[LLVMdev] Loop unrolling opportunity in SPEC's libquantum with profile info

Thu Jan 16 10:06:45 PST 2014

On Jan 16, 2014, at 10:02 AM, Diego Novillo <dnovillo at google.com> wrote:

> On Thu, Jan 16, 2014 at 9:26 AM, Nadav Rotem <nrotem at apple.com> wrote:
>> Hi Diego,
>> 
>> It looks like the problem is with the code in the vectorizer that tries to estimate the most profitable vectorization factor:
>> 
>>> LV: Found an estimated cost of 6 for VF 2 For instruction:   %3 = load
>>> i64* %state, align 8, !dbg !58, !tbaa !61
>> 
>> 
>> It looks like a cost model problem.  The vectorizer thinks that loading %3 (above) is non consecutive and would require scatter/gather.  Is that correct? I wonder that SCEV is reporting. Is there an index overflow problem that is preventing us from loading consecutive elements?
> 
> Yes, I forgot to mention that. The access is non-consecutive:
> 
>      for(i=0; i<reg->size; i++)
>         {
>             /* Flip the target bit of each basis state */
>             reg->node[i].state ^= ((MAX_UNSIGNED) 1 << target);
> }
> 
> The code is writing to the 'state' field.
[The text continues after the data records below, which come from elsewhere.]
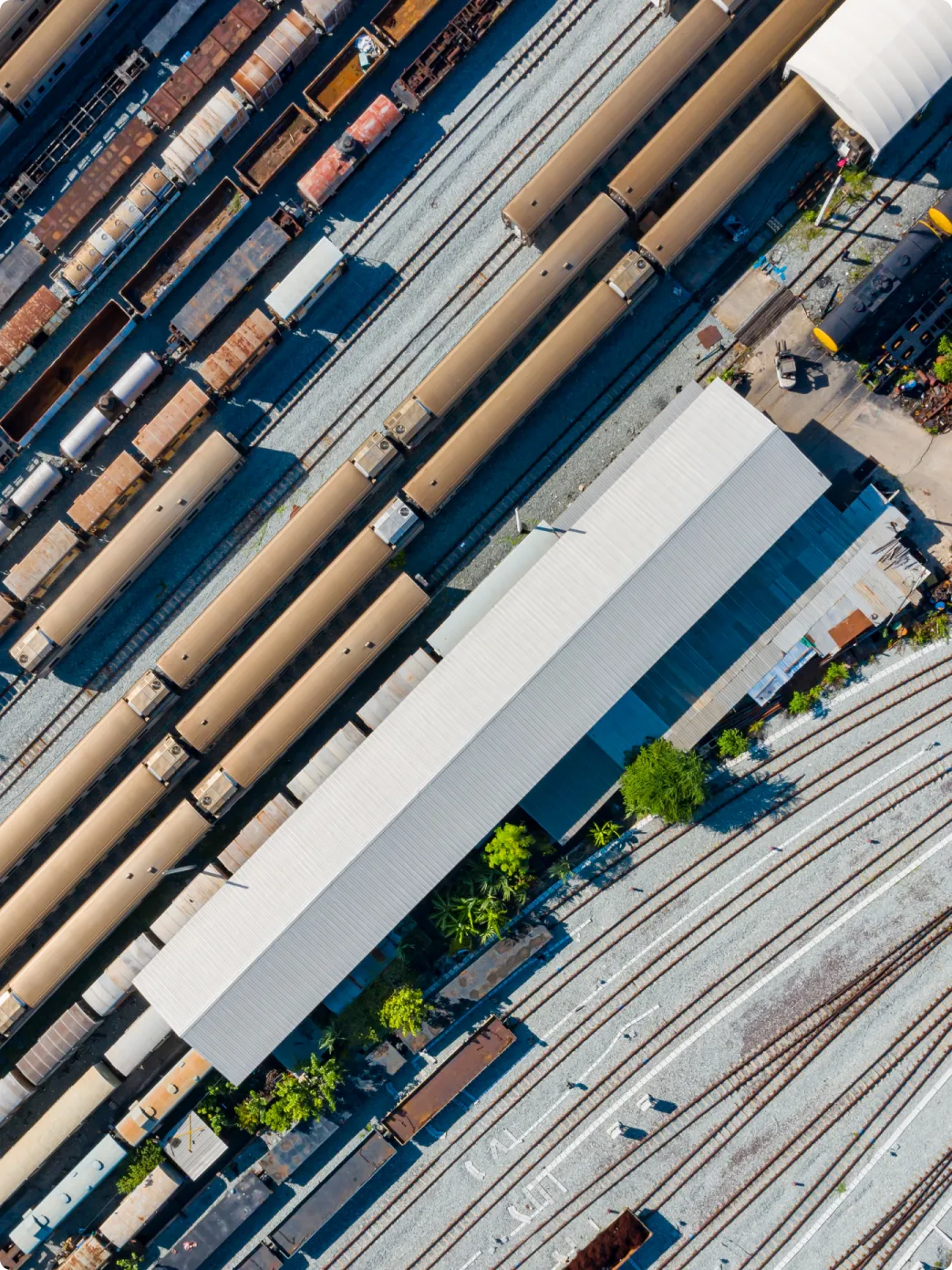 Aerial view of a train yard filled with numerous trains parked on tracks, showcasing the layout and organization of the yard.
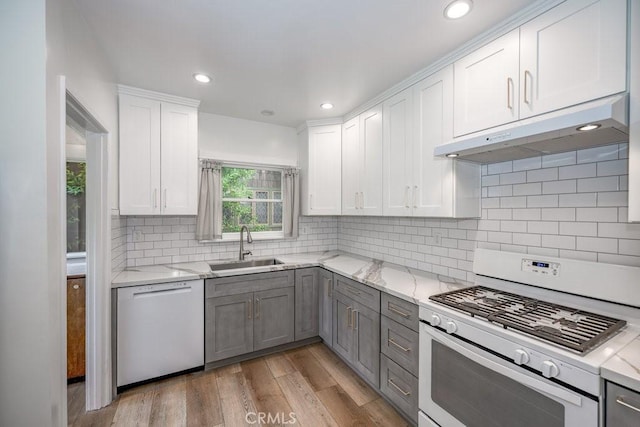 315 E Randolph St, Glendale, CA 91207 - kitchen with dishwasher, white range with gas stovetop, under cabinet range hood, gray cabinets, and white cabinetry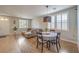 Open concept living space featuring hardwood flooring and a modern dining area at 75 Archer Glen Ave, Henderson, NV 89002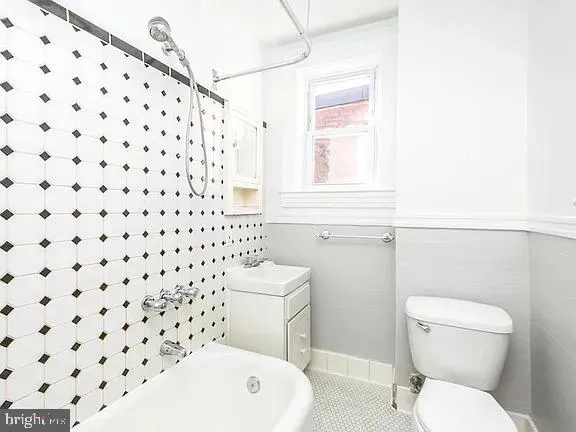 a white toilet sitting next to a bathroom sink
The data structures look like this:
> 
> typedef struct quantum_matrix_struct quantum_matrix;
> 
> struct quantum_reg_node_struct
> {
>  COMPLEX_FLOAT amplitude; /* alpha_j */
>  MAX_UNSIGNED state;      /* j */
> };
> 
> typedef struct quantum_reg_node_struct quantum_reg_node;
> 
> /* The quantum register */
> 
> struct quantum_reg_struct
> {
>  int width;    /* number of qubits in the qureg */
>  int size;     /* number of non-zero vectors */
>  int hashw;    /* width of the hash array */
>  quantum_reg_node *node;
>  int *hash;
> };
> 
> If you do the trick of writing to a separate array, then the loop can
> be vectorized.
> 

Do you mean that we should change the layout of the array?  Or is there another trick?

> 
> Diego.